Backyard Biodiversity For Beginners Part 3 - Water

The frog does not drink up the pond in which he lives.
-   American Indian Saying

 I couldn't think of a more valuable time such as this to think about the importance of water features and conservation  in our biodiverse backyard.

This year in Texas, we are experiencing the worse drought in over 44 years. If you have built your foundation, which is you soil, as I shared in this series in part 2 then water conservation becomes so much simpler.

If you haven't then you can count on loosing much of your garden in this drought. There would be no way of keeping it sufficiently watered without tremendous expense and water usage.

Your healthy rich soil will not require as much water. In order to have a healthy organic garden will greatly depend upon the wildlife in which you provide a habitat for.

Adding something as simple as a small frog pond provides an essential element for all living creatures. Why even a honeybee depends on water as much as the nectar of a flower.

On a hot day in Texas a beehive can collect over a quart a day to assist in cooling their hive and feeding their larva. 

 
 Vintage 1910 postcard from Texas

Oh how I would love to see one of these guys! The Texas Horned Lizard or Horned Toad as some call it. They are now very rare and endangered. If one shall live upon my pond I shall call unto the garden angels for its protection.

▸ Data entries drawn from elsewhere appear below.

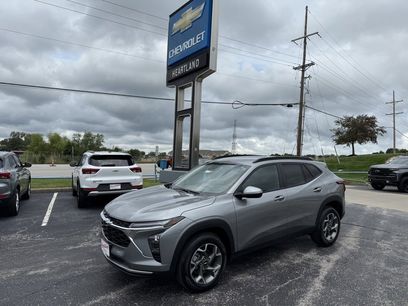 New 2025 Chevrolet Trax LT w/ Driver Confidence Package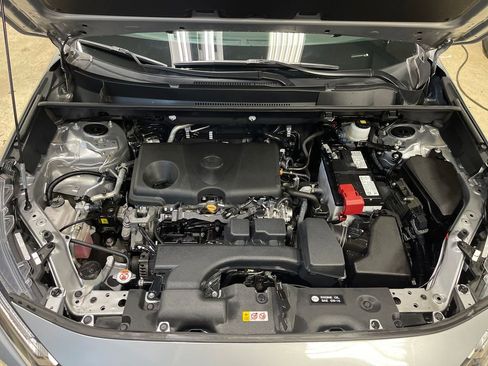 Certified 2025 Toyota RAV4 XLE AWD/4WD image 5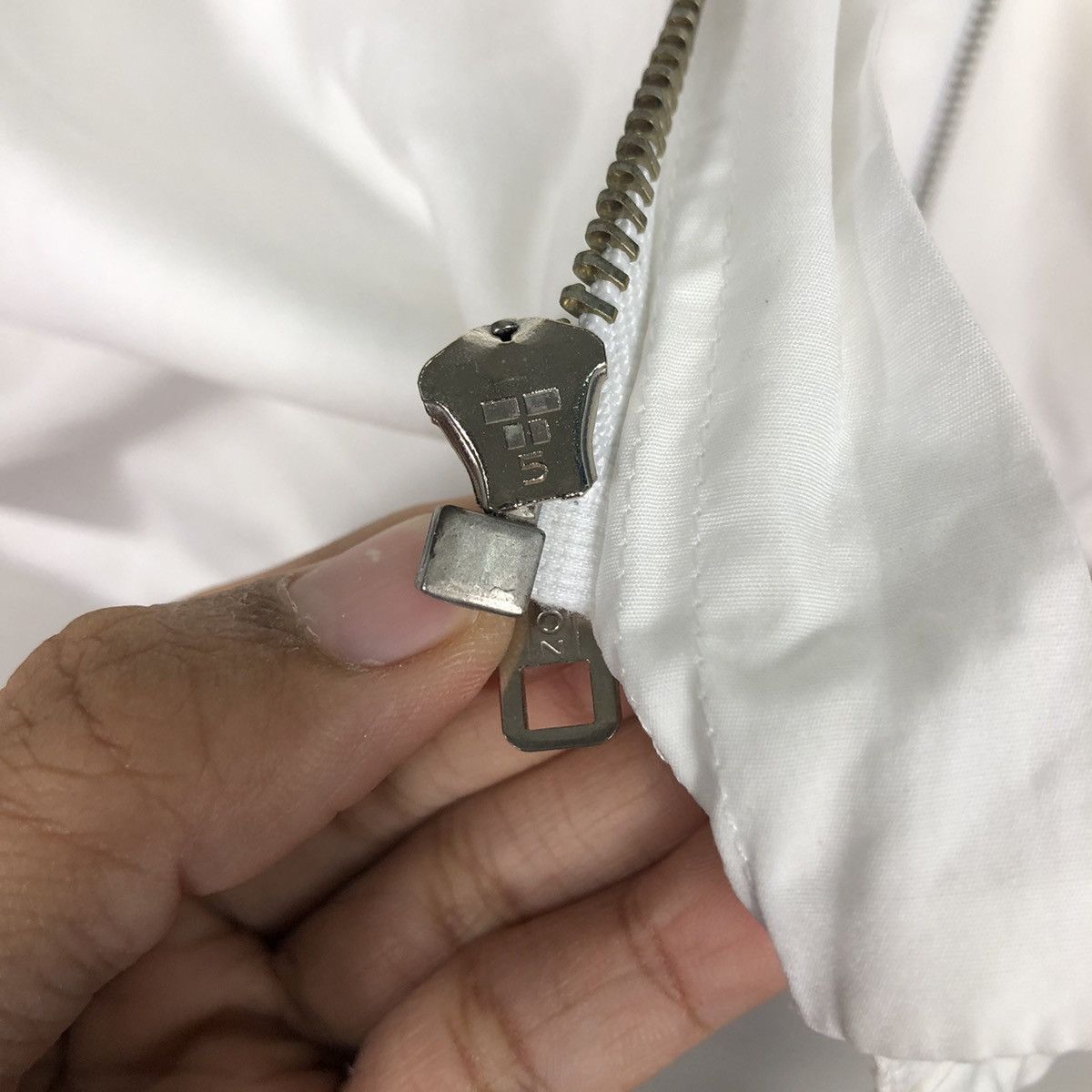 Japanese Brand Rich White Parachute Bike Jacket Unused Refinement Garments Size US M / EU 48-50 / 2 - 19 Thumbnail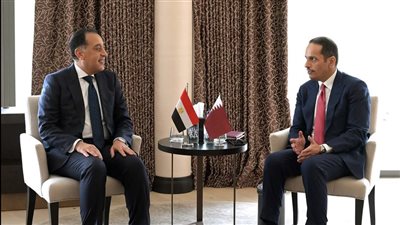 مصطفى مدبولي يبحث تعزيز التعاون مع رئيس مجلس الوزراء وزير خارجية دولة قطر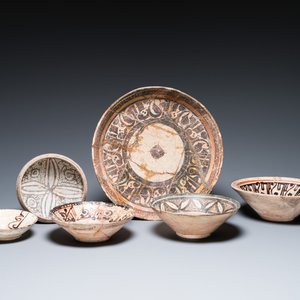 Five Islamic pottery bowls and a dish, Persia, 10th C. and later — 照片 1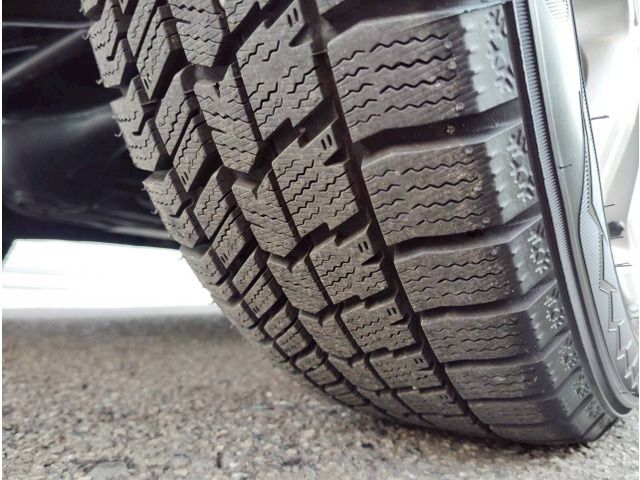 DAIHATSU MIRA GINO 4WD 2006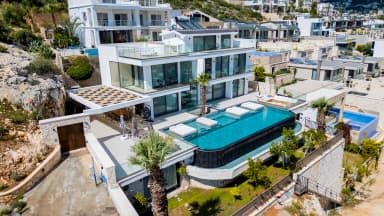 Villa Nobles Rox Isıtmalı Havuz 47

We have so many lost and endangered species. Mostly accounted for by loss of habitat and the wide spread of chemical usage. Frogs, toads and lizards eat a tremendous amount of insects throughout your garden.

I think Texas has the largest grasshoppers in the world. They can devastate a garden very quickly, so you need habitat and biodiversity throughout your backyard to provide healthy living predators. You just never know who might show up!

Another important thing to remember is rain is always better than ground water for your garden. Rain provides more oxygen and nitrogen that is not found in tap water.

Also tap water contains many minerals and additives that are not good for plants or soil. You can have a tremendous salt build up that is not healthy for the garden. Nothing causes your plants to green up naturally like a good rain. It is also free and doesn't use up valuable water resources. 

If at all possible, I think some sort of rain water collection is becoming increasingly vital for healthier ecosystems and co-existence with the natural world.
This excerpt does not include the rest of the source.